YOUR OBJECTIVE ::
The lines from the beginning of the records below through the one holding "Jacobean Oak Commode, 17th" are to be copied exactly; leave the pictures out.

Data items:
=== Begin Enclosure ===

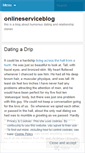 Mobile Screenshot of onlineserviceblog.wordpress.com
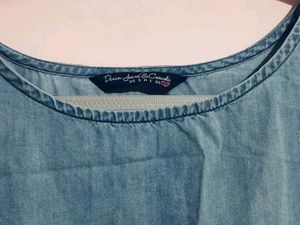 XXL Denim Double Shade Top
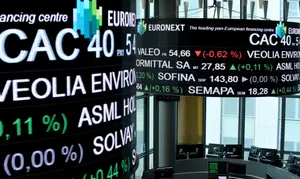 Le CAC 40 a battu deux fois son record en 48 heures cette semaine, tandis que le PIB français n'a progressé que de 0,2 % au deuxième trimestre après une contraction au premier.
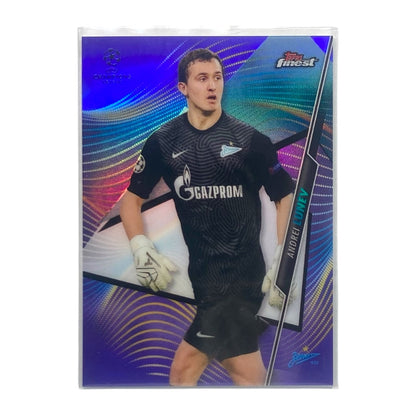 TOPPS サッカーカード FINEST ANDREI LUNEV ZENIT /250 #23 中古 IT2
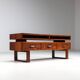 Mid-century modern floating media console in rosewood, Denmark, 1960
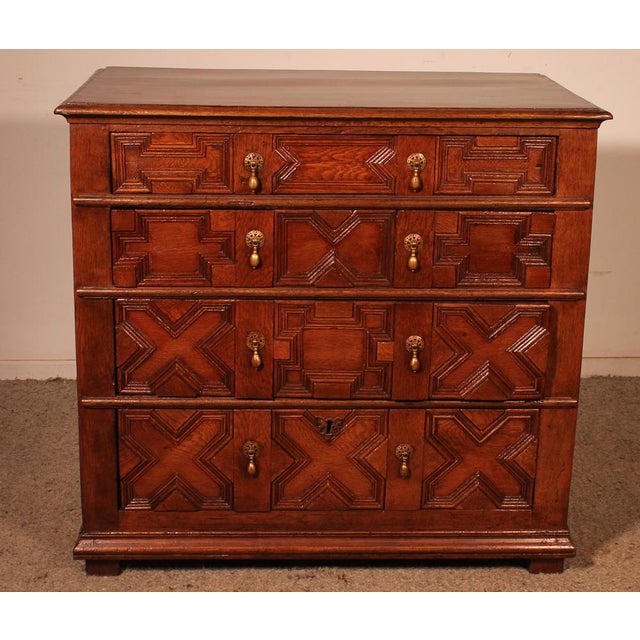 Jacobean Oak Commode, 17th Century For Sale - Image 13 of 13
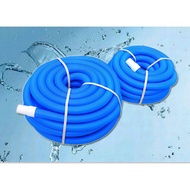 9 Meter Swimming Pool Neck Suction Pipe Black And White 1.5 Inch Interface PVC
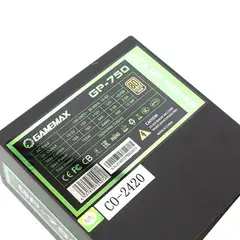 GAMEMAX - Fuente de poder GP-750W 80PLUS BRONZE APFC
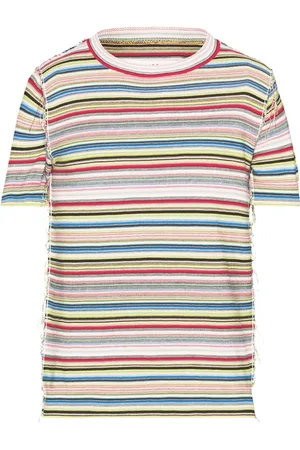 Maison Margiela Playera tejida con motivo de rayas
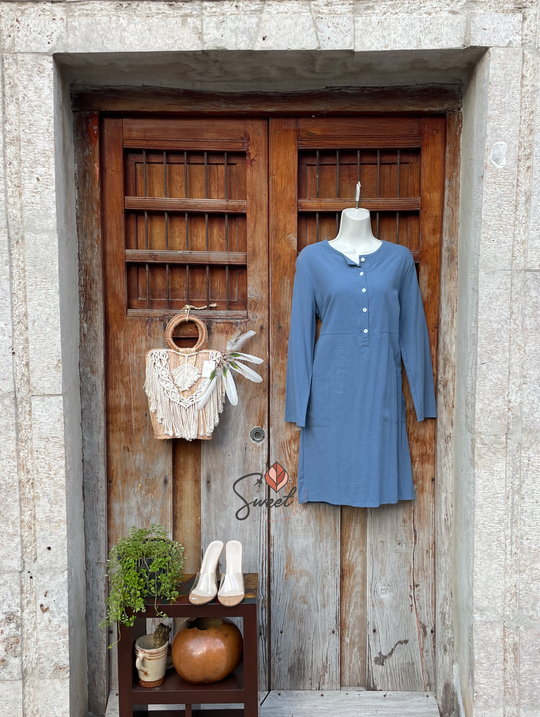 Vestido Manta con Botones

=== End Enclosure ===

SOLUTION ::
 Mobile Screenshot of onlineserviceblog.wordpress.com
 XXL Denim Double Shade Top
 Le CAC 40 a battu deux fois son record en 48 heures cette semaine, tandis que le PIB français n'a progressé que de 0,2 % au deuxième trimestre après une contraction au premier.
 TOPPS サッカーカード FINEST ANDREI LUNEV ZENIT /250 #23 中古 IT2
 Mid-century modern floating media console in rosewood, Denmark, 1960
 Jacobean Oak Commode, 17th Century For Sale - Image 13 of 13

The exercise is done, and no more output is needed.